Your objective: Beginning at the line with "Domestic Short Hair", please repeat each line exactly through the end of the records below, including that first line and the last, but no pictures.
-- Opening Marker --
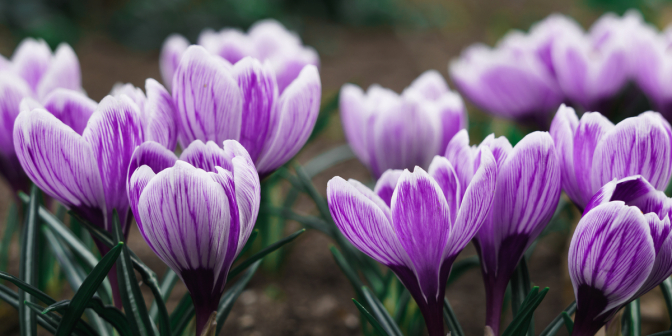 Tag det blomstrende forår med indenfor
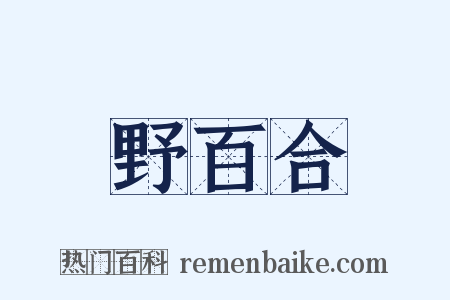 野百合是什么意思的图片
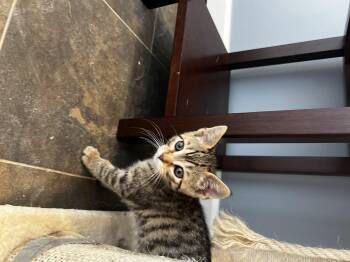 Domestic Short Hair Cats Available for Adoption in Syosset, New York - Wasabi | PetCurious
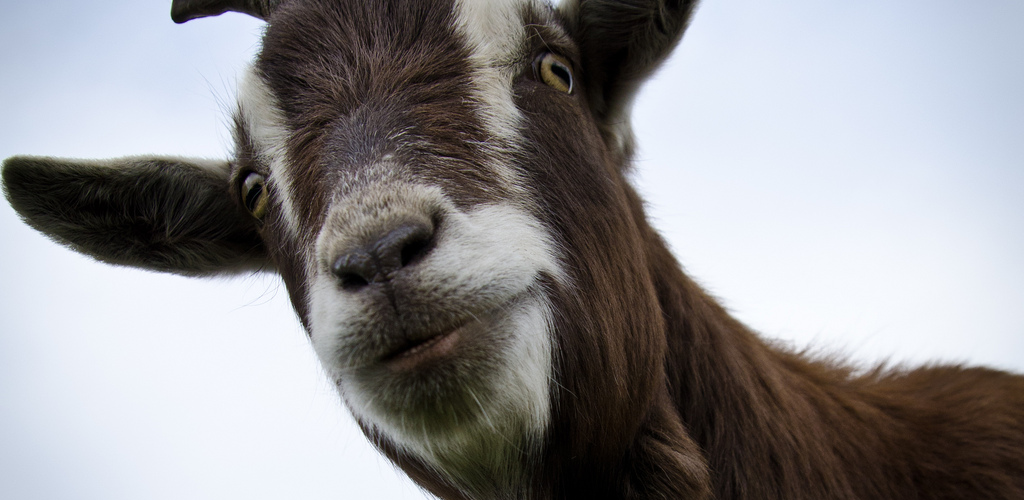 Little goat  Dave Wild cr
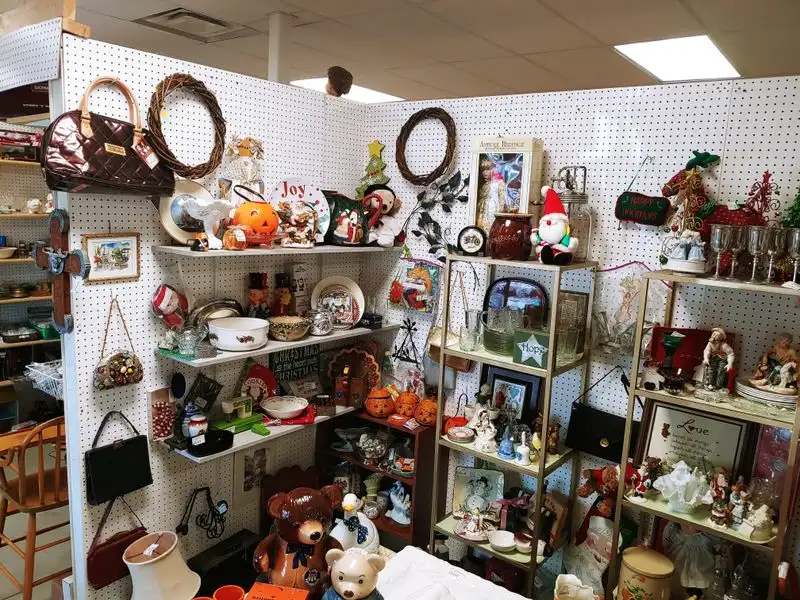 Collectibles Corner: Toys, Books, And Records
-- Closing Marker --
Written solution:
 Domestic Short Hair Cats Available for Adoption in Syosset, New York - Wasabi | PetCurious
 Little goat  Dave Wild cr
 Collectibles Corner: Toys, Books, And Records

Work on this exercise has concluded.